Non-public-health degrees (also called “all remaining degrees”) are housed in some schools of public health. If this is true in your school, these degrees will be addressed in two places in your self-study: the introduction and Criterion D19. You must include all degrees and concentrations housed in your school of public health in Template Intro-1 (the instructional matrix). Degrees and concentrations that are not considered public health degrees will NOT include an X in the “categorized as public health” column of Template Intro-1.
The school’s offerings that are NOT categorized as public health in Template Intro-1 (at the bachelor’s, master’s and/or doctoral levels) must be included in Criterion D19 and in Template D19-1. These students must complete coursework that addresses the 12 learning objectives listed in Criterion D19. The instruction and assessment of students’ broad introduction to public health are equivalent in depth to what would typically be associated with a three-semester-credit class.
The 2016 criteria document groups all non-public-health degrees as “All Remaining Degrees” in Criterion D19. The expectation is the same (ie, that students complete coursework that provides a broad introduction to public health).
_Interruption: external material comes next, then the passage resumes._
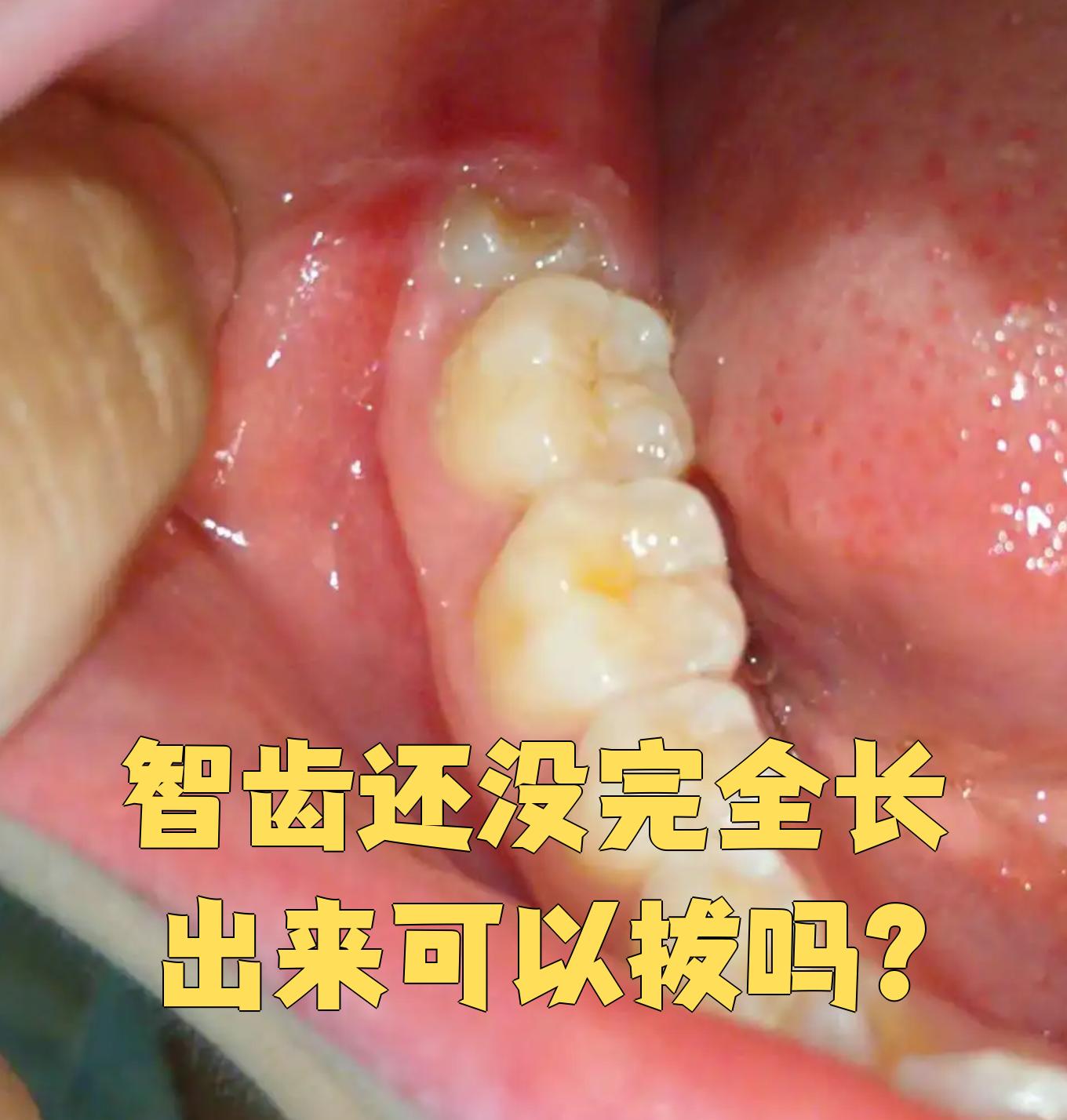 长智齿图片(长智齿是什么样子图片)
This introduction to public health should address the 12 learning objectives listed in Criterion D19 at a level of complexity that is appropriate to the level of the student’s degree program. For example, it may be appropriate to offer different courses for bachelor’s and graduate students.
By definition, faculty only associated with non-public-health degrees do not meet the definition of a primary instructional faculty member (even if they have a 1.0 FTE appointment in your school of public health). Template C2-1 should only include the school’s public health degrees and concentrations.
Yes. By definition, CEPH accredits every degree offered in a school of public health and must validate that the public health elements required of all degrees are met.